On a morning in the third week Ernst left her side and climbed to the porch. Above the snow there was light, but the thick flakes, like winter, covered all the mountaintop in darkness, beat against his eyes, swept over his knuckles hooked to the railing. He watched. It was impossible to see where the acre ended and where the deep space began, the fall. He waited, peering quickly, expecting the messenger, sure of the dark journey. “Look over the plains,” he thought, “and you will see no light. No figures, no men, no birds, and yet He waits above the vast sea. Thine enemy will come, sweeping old ties together, bright as the moon.”

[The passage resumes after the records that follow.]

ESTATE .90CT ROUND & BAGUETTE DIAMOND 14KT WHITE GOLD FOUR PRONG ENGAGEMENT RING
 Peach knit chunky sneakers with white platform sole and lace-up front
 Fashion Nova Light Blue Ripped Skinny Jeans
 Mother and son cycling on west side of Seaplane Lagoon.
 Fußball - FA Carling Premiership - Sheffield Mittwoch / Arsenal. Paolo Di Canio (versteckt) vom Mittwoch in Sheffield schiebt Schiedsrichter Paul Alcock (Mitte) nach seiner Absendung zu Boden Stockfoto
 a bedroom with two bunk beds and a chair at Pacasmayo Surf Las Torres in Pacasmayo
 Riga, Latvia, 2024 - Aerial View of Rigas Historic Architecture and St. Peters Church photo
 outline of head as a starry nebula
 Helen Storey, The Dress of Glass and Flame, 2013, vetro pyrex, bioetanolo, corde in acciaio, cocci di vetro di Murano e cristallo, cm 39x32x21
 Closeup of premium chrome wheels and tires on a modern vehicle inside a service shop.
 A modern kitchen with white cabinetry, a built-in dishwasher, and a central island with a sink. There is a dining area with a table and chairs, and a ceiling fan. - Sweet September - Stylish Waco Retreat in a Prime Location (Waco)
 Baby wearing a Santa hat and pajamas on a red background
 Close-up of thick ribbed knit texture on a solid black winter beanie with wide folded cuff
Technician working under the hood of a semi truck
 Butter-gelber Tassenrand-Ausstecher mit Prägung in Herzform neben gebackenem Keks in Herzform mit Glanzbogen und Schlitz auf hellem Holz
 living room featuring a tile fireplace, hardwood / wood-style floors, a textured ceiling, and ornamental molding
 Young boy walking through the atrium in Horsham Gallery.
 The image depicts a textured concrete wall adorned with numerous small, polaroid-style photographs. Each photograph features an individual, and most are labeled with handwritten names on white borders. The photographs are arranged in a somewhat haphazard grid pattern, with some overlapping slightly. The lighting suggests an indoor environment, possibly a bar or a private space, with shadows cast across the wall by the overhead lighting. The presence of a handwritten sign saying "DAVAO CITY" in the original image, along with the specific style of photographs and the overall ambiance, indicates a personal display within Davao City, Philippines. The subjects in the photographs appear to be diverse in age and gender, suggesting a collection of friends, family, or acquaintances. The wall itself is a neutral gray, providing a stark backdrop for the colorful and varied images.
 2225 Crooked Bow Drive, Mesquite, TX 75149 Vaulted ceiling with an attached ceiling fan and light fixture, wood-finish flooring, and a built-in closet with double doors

Ernst had given up the sword; though his wounds were healed, the Heavens gaped, and he had lost the thread of the war’s virus. Then, at the bottom of the flurry, he heard the arrival. The horse’s bells rang as if he had been standing there, just below, all during the night and the snow and had just come to life. He heard the muffled knock of a hoof, a door slammed. A sleepy-eyed boy, his tongue still flat along his lower jaw, weaved back and forth in the wind, nearly fell beneath the bag that weighed of gold. The driver beat his gloves and pocketed the Pfennig, the snow raced. Ernie closed his mouth and saw through the white roof of the passenger’s descent. Cromwell ran up the steps and rang the sharp bell that awoke the clerk. By the time Ernst was back in the room, bending over her in the darkness, cold and afraid, it had stopped snowing. The black horse shook off his coat of white.
Still one could not see beyond the fortress of the hotel, beyond the drops of mustard gas and mountain vapors, beyond the day that was only half risen. The children became thin and tired and the adults suddenly were unable to find their own among the solemn faces. With that sharp cry of mother to child, the parents searched among the idle play groups as if through obligation. During the three meals the tables were half empty and a great many plates were broken, as the child bites and the young mother is still forced to feed. All of them smelled the fog, it curled about their hair and chilled them in the bath, and the nurse’s playing fingers could do nothing to help, while the air became more thin and the water difficult to pump.